Several cast members of West Side Story (photograph by Jeff Busby)
Music theatre does, however, demand exceptional vocal, dramatic, and physical skill, and here the production was a bit of a curate’s egg. Standout principles were Chloé Zuel as a show-stealing Anita, Lyndon Watts as Bernardo, and Salvesani’s vocally assured Maria. Todd Jacobsson as Tony, however, lacked the requisite vocal dexterity and security of pitch to deliver the dramatic range required in and across numbers like ‘Something’s Coming’ and ‘One Hand, One Heart’. Noah Mullins’s Riff was more impressive and assured vocally, but in the end both lead male characters ultimately couldn’t quite deliver the kind of the compelling charismatic stage presence that their respective characters demand.

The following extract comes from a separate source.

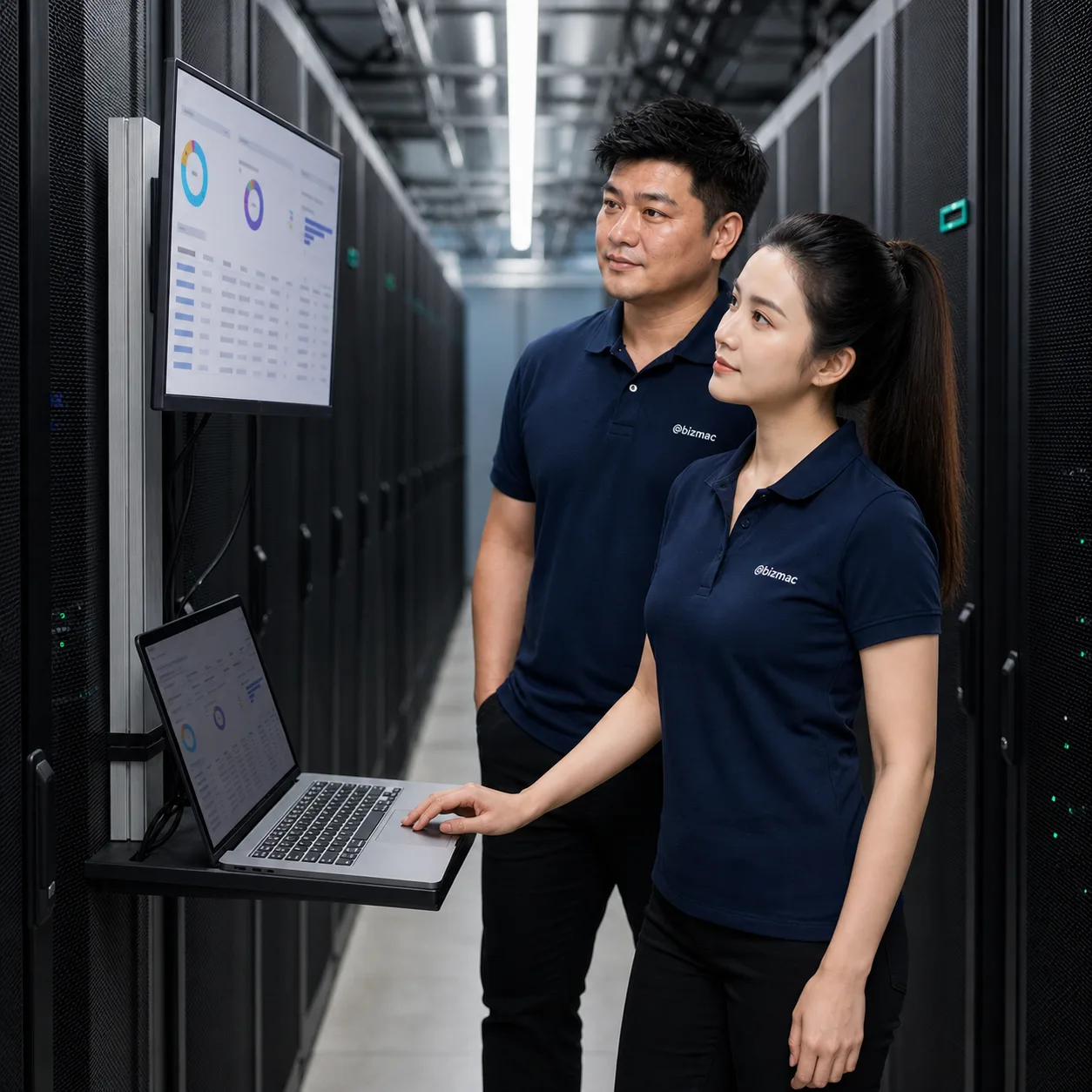 Hai kỹ thuật viên BizMaC theo dõi bảng giám sát máy chủ trong phòng server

On the other hand, despite a rather tentative opening number (those iconic ‘clicks’, for instance, were hard to hear), and notwithstanding some lack of clarity and vocal precision from the men in particular, the hard-working ensemble impressed; ‘America’ was a particular highlight (as indeed it should be).
This was just as well, because a good deal of West Side Story’s ultimate dramatic power resides in the effectiveness of these ensemble scenes. The very medium of dance, the fact that individuals from the same social group are made to move in step with each other, but also with apparent spontaneity, enables the work to project more mythic (rather than ‘merely’ ethnographic) representations of its rival, inner-urban communities. It also helps to draw our attention to the homosocial and homoerotic undertones of this kind of adolescent gang life. And the communal force of dance is surely one reason why the simulated rape of Anita by the Jets remains so shocking – the culpability for it must be shared (here, even the gaze of the audience feels complicit).
Todd Jacobsson as Tony and Sophie Salvesani Maria in West Side Story (photograph by Jeff Busby)
Against this, the passionate love that Tony and Maria have for one another also enacts its own kind of violence; it is consummated at a terrible cost both to themselves and to those they profess to care for. As Maria sings to Anita close to the show’s second terrible denouement, ‘When love comes so strong / There is no right or wrong’. The ultimate message of the work, should we need to look for one, is perhaps therefore not a simplistic ‘love conquers all’ but rather the fact that we all long to find ‘a new way of living … Somehow, Someday, Somewhere.’
West Side Story is being performed by Opera Australia at Arts Centre Melbourne, State Theatre, April 10–28 2019. The production will continue at the Sydney Opera House (August 16 to October 6) followed by a season in Canberra and Adelaide later in the year.